→ Required action: Reproduce the data below in full and exclude every picture.

→ Source records:
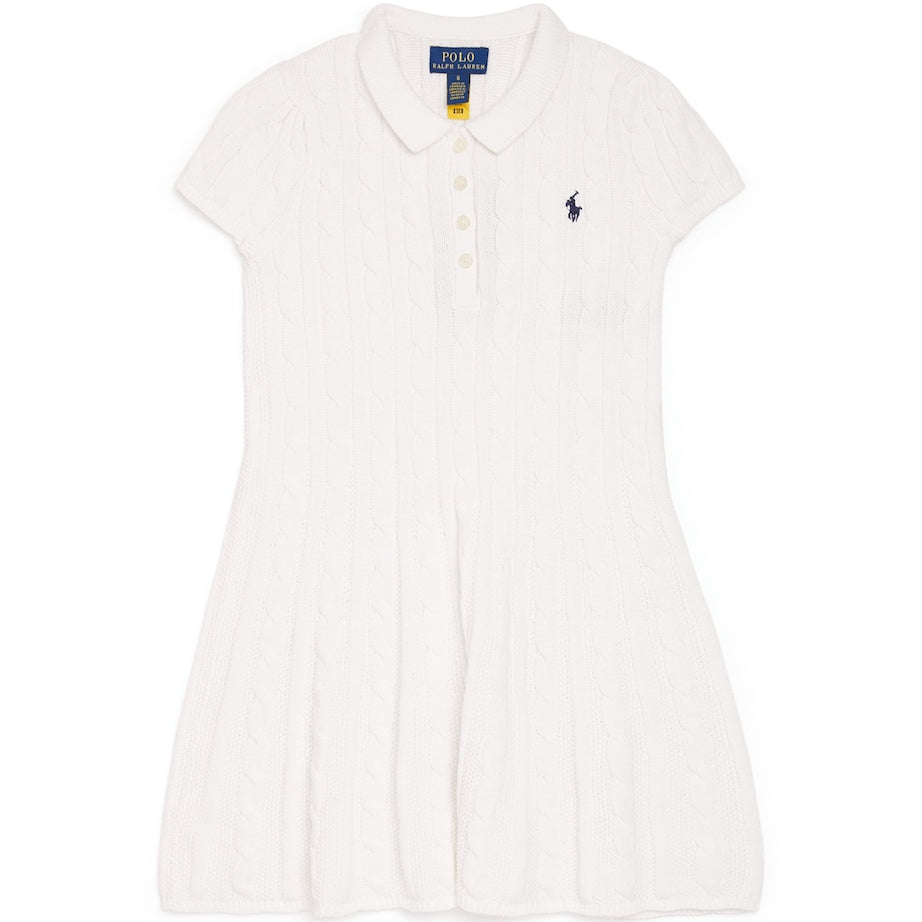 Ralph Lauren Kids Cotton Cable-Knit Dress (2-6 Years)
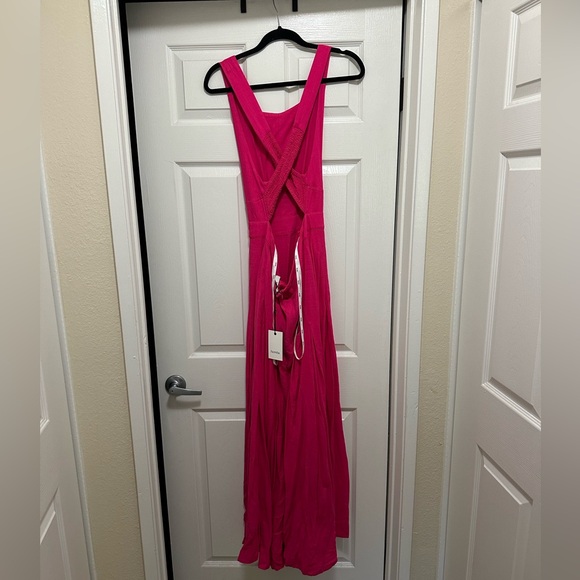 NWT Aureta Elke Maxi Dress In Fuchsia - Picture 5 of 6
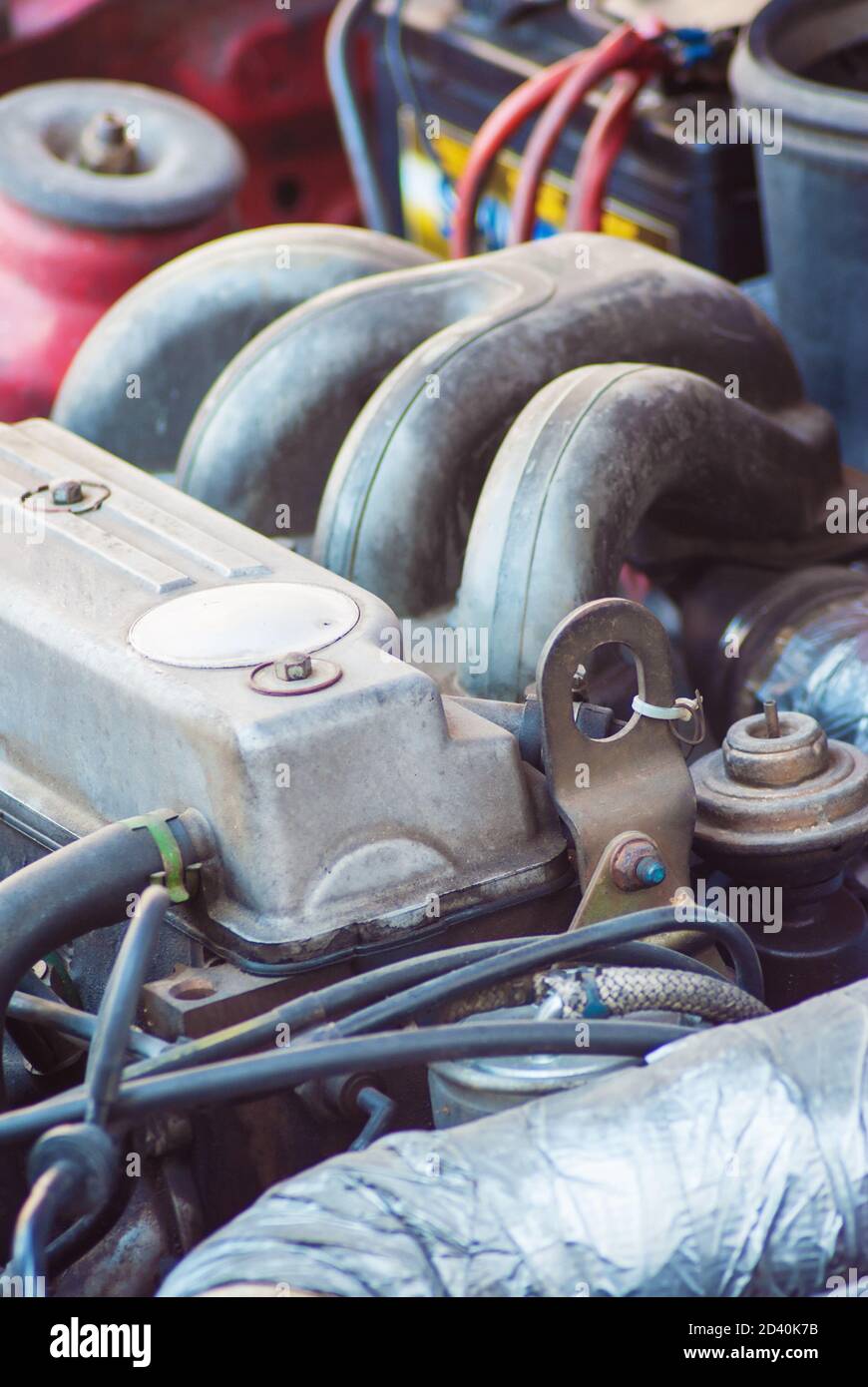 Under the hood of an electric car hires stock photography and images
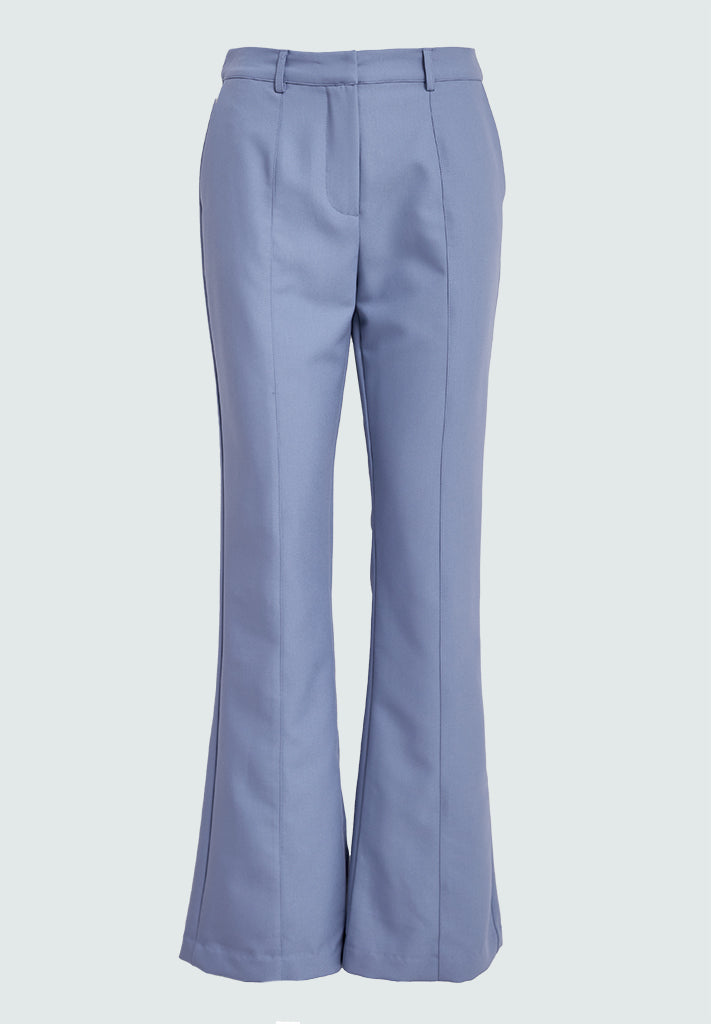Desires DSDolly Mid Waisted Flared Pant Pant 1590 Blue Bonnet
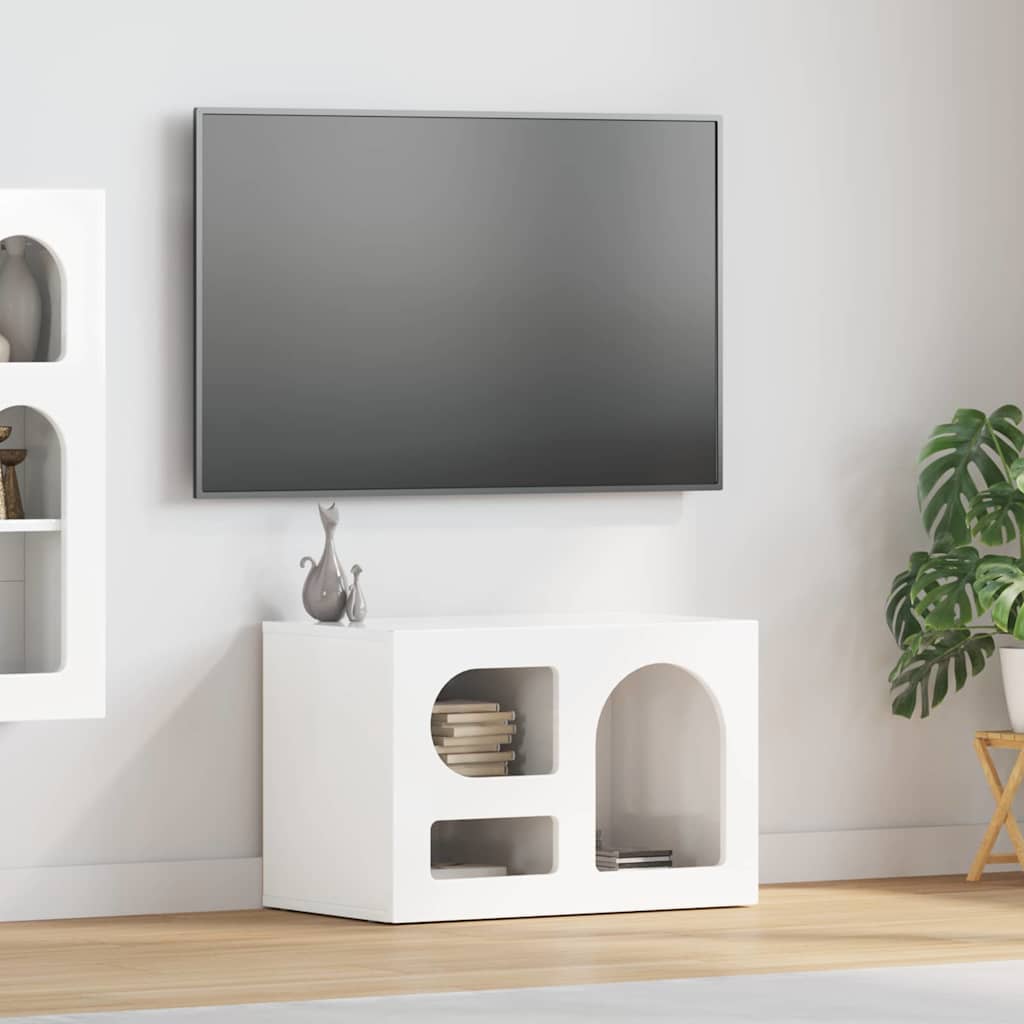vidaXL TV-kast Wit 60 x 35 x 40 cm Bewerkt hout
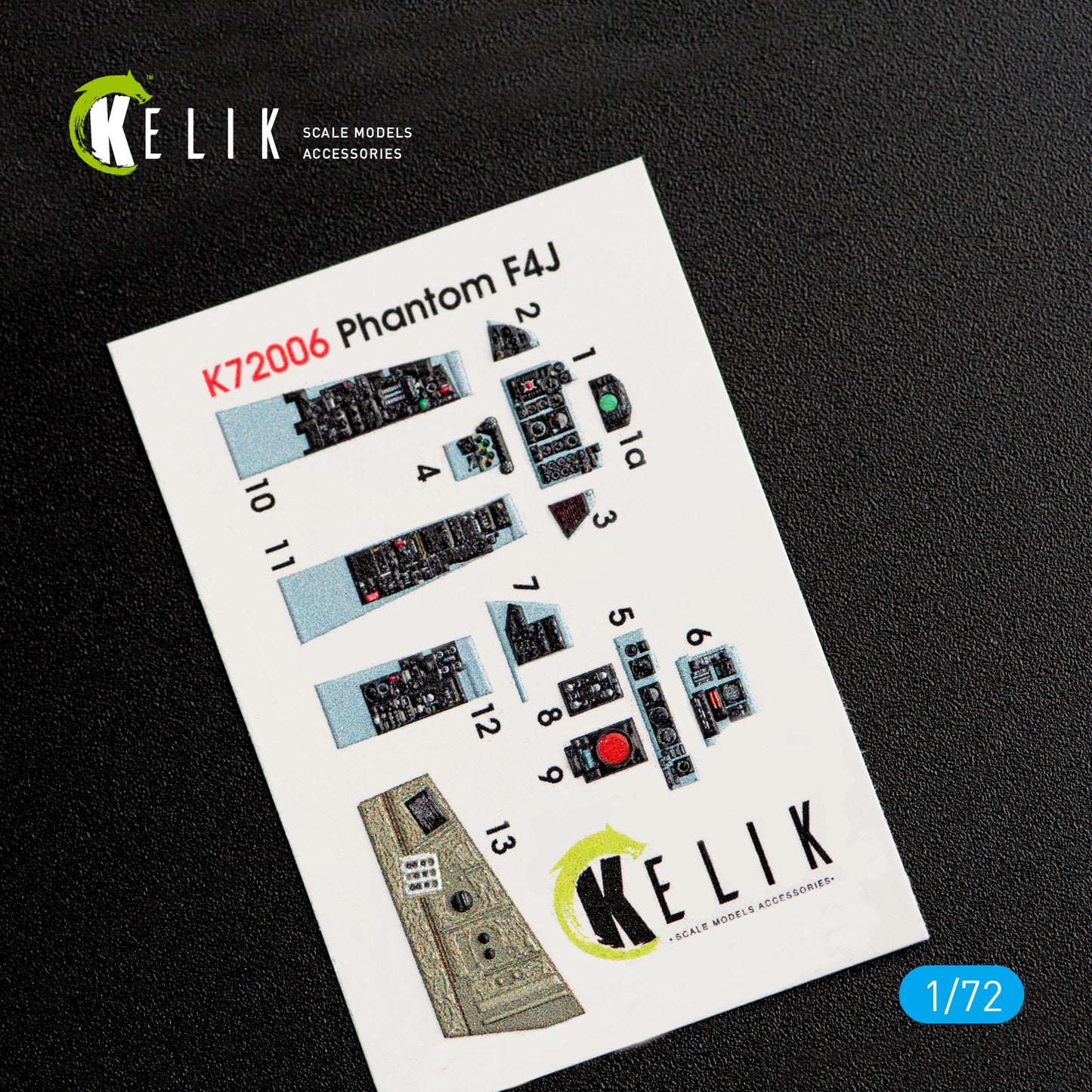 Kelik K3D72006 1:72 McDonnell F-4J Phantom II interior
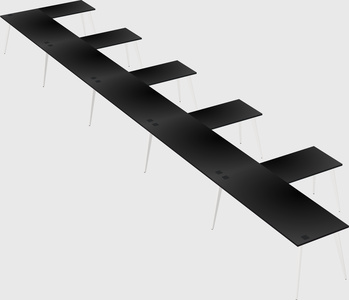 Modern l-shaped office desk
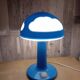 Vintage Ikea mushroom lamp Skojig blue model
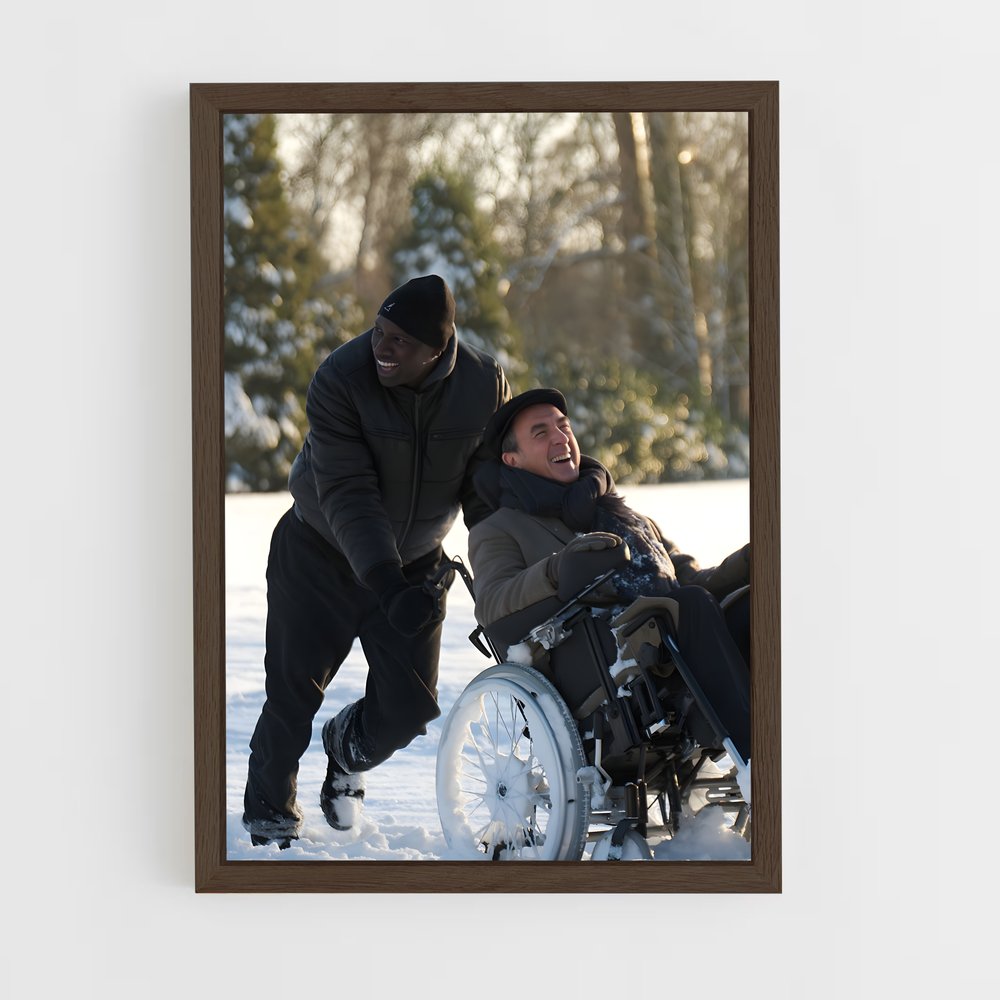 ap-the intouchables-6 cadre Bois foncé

→ Result of the exercise:
 Ralph Lauren Kids Cotton Cable-Knit Dress (2-6 Years)
 NWT Aureta Elke Maxi Dress In Fuchsia - Picture 5 of 6
 Under the hood of an electric car hires stock photography and images
Desires DSDolly Mid Waisted Flared Pant Pant 1590 Blue Bonnet
vidaXL TV-kast Wit 60 x 35 x 40 cm Bewerkt hout
 Kelik K3D72006 1:72 McDonnell F-4J Phantom II interior
 Modern l-shaped office desk
 Vintage Ikea mushroom lamp Skojig blue model
 ap-the intouchables-6 cadre Bois foncé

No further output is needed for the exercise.